It is not cynicism that motivates me. It is optimism that the whole of humanity shall someday overcome the tyranny that is religious belief and superstition.
If something I say or link to offends you, then I ask you to stop for a moment before responding, and ask yourself why you feel that way. Be willing to follow that train of thought all the way to the end of the line.
I believe the religious are more than what they have allowed themselves to become. I wish to see all people willing to question the world, question their senses, question their sensibilities.
It frustrates me to see people deliberately clinging to ignorance. Sometimes this is expressed as anger or contempt. These are fleeting. The pervading emotion is simply profound sadness.
If you are reading this, then know that I do have some measure of “faith.” Not the baseless belief in supernatural entities or meaningless rituals, but confidence that each of us possesses the capacity for introspection.
A materialist world view is not the bleak and monochrome existence that many would have you believe it to be. It is vivid, full of spectacular colors, amazing phenomena, and so many layers of depth and complexity that merely learning more about it can become both a quest and a goal.
The strength and will to improve the world comes from within. You have only to look, and realize that the power you find there is purely your own.
Discarding superstition is indescribably beneficial to the human condition. Not only does it negate the fear of death… it eliminates almost all sources of prejudice (racism, homophobia, etc.) and enables one to regard everything in life on its own merits. The ultimate consequence tends to be a greater regard for the wonders that this world has to offer. Rather than the bleak, grayscale perspective that is projected onto atheists by the faithful, the colors of the world are all the more vivid when one takes the time to learn why and how they got there.

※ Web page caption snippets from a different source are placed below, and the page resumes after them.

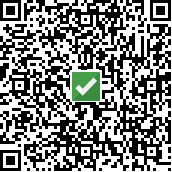 Healthcare Providers Similar to 1518958024 NPI Number | NPI Registry | www.DataLabs.Health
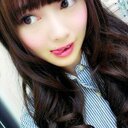 マイ (@0818_nk) Twitter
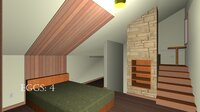 HouseTour 1.1 screenshot, image №2610781 - RAWG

I have a bit of a memory problem, and as such, large chunks of time will simply vanish from my mind until dislodged by some random bit of association. As a result, the timeline of these posts is likely to be a bit scattershot. I will now tell you of the one person I’ve ever known who both wore her Christian faith on her sleeve and was every bit the “good Christian” that they all seem to claim to be.

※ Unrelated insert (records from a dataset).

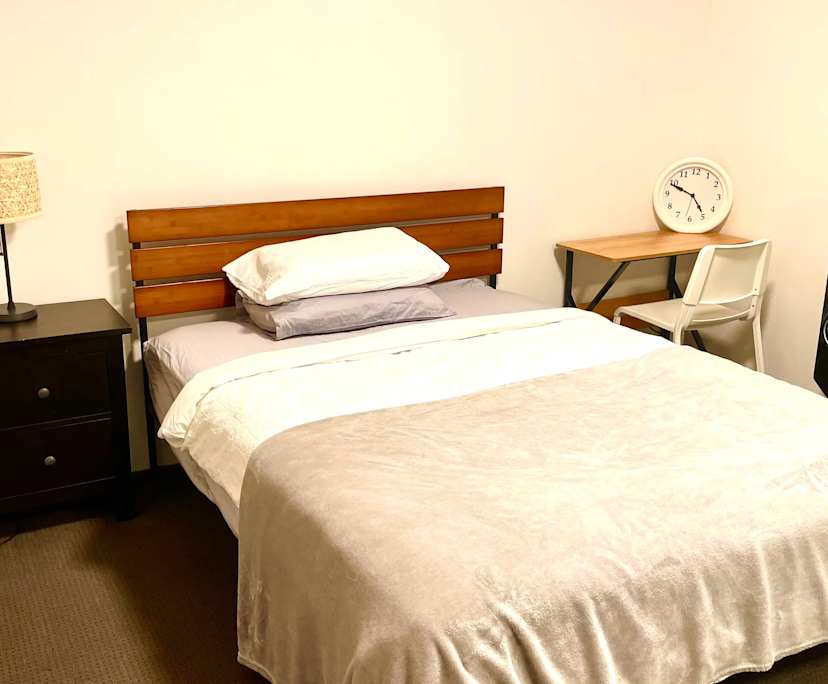 $360, Share-house, 2 bathrooms, Hurlstone Park NSW 2193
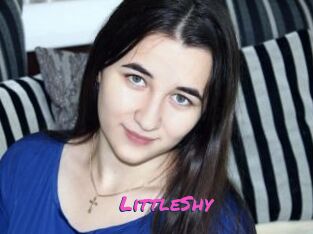 LittleShy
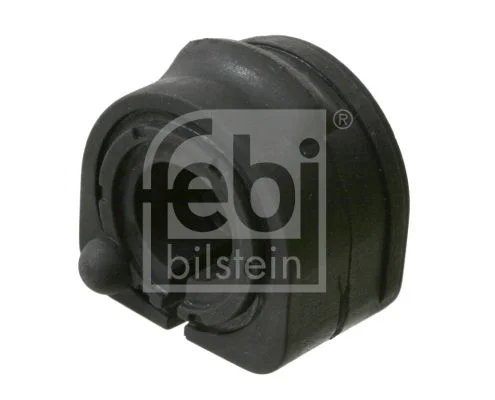 Pritrditev, stabilizacijska palica FEBI BILSTEIN 23125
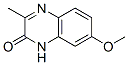 3-׻-7-େf-2(1H)-ͪY(ji)(gu)ʽ_117237-99-7Y(ji)(gu)ʽ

In early 2001, I found what I truly consider to be my first “real” job. I was working as, basically, technical support for the business-to-business web site of a decently sizable banking institution. I was single, out of school and the schedule was lovely: 12:00 PM to 8:00 PM. Best of all, pay was semi-monthly, meaning that I was paid on the 15th and the last day of each month. This meant that it was simple to set up automatic payments for most of my bills and know that the money would be there. All in all, things were pretty good.
It was a big place, which meant my contacts were mostly limited to members of my own department. One of these was a woman, named Marcia. Contrary to the urgings of the Peanuts center of my brain, this was pronounced as “Mar-see-ah.” She was a black woman, looked to be in her early forties, and rather strikingly defied the walking stereotypes that were on display around the floor. I realize that sounds terrible, but I’ve always felt that if one dislikes stereotypes, one should actively work to prove them wrong, rather than legislate them out of existence. At any rate, Marcia had something of an “Aunt May” sort of vibe to her, though certainly not that old. She did have reading glasses and I recall that she did like the little shawls, though.

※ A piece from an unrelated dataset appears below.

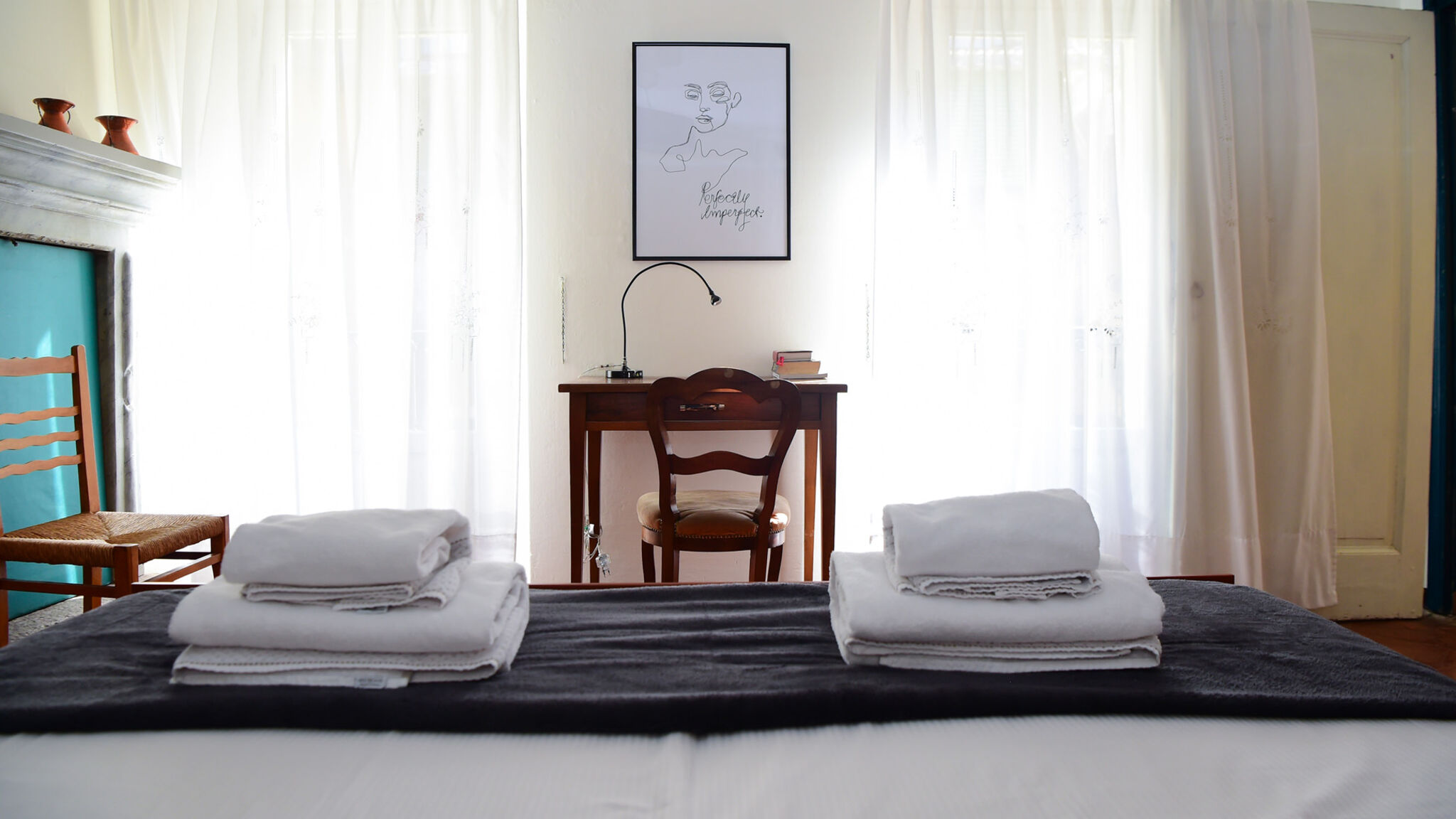 Italianway Bellagio Serbelloni Vintage Apartment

Marcia was a very unassuming woman. She was soft-spoken, nice to everyone she met (that I knew of), and simply of a gentle disposition. If office politics were getting to me, she was the one I could speak to for some perspective and a friendly ear. She knew my beliefs and never judged me for them. Her desk was not ostentatiously decorated. She had some pictures of her kids, one Christian devotional quote thingy (one that was of particular significance to her), and that was it. She wore a very simple cross around her neck.
She never presumed to call herself a good Christian. In fact, she never spoke of her faith at all, unless asked. She didn’t even allude to Christianity, other than in the literary sense (suggesting I “extend the olive branch” to someone with whom I was at odds, for some reason or another). I always admired her, and in a maternal sort of way, I think I kind of loved her. She was, in a very real sense, the kind of woman I wished my mother was: always warm and open, non-judgmental and willing to listen. I wish I had not lost contact with her.
I dare say, if all Christians were like Marcia, then the world would genuinely be a better place. There would be no need for the “New Atheist” movement. Perhaps we could still attempt to live and let live. But sadly, I don’t think there is any going back.
As I went through puberty and genuine “young adulthood,” I was, in every possible respect, the consummate geek. As you may have gathered from my previous post, I was fairly introverted. Unlike a lot of kids, however, I wasn’t entirely frustrated by this. My frustrations at feeling like an “outsider” were mostly spent before I reached my teens.
It was at this point that I really began to take stock of the world around me. Since the divorce had resulted in our moving out of our rather small hometown, I saw a few other places, and noticed just how many churches there were to be found. In some areas, it would literally be difficult to throw a rock without hitting a church of some kind. If memory serves, I mostly saw Baptist, Presbyterian, Lutheran and a few Methodist ones.
Of course, I hadn’t the faintest clue what the difference between them was. All I knew was that (in a bit of charmingly childish logic), of course we had been Baptists, since I remembered being baptized at around age seven. I had also been given my own copy of the Bible, and I was highly irritated that they managed to misspell my name. I peered through it, though not with any real dedication, as I was never a particularly devout believer at the best of times. I do recall that I was impressed by how thin the paper was, along with the gold leaf along the edge of the pages. It “looked neat,” but since it had my name wrong, I was never happy to carry it with me. That spelling error may, in fact, have been one of the factors that led to my departure from the church.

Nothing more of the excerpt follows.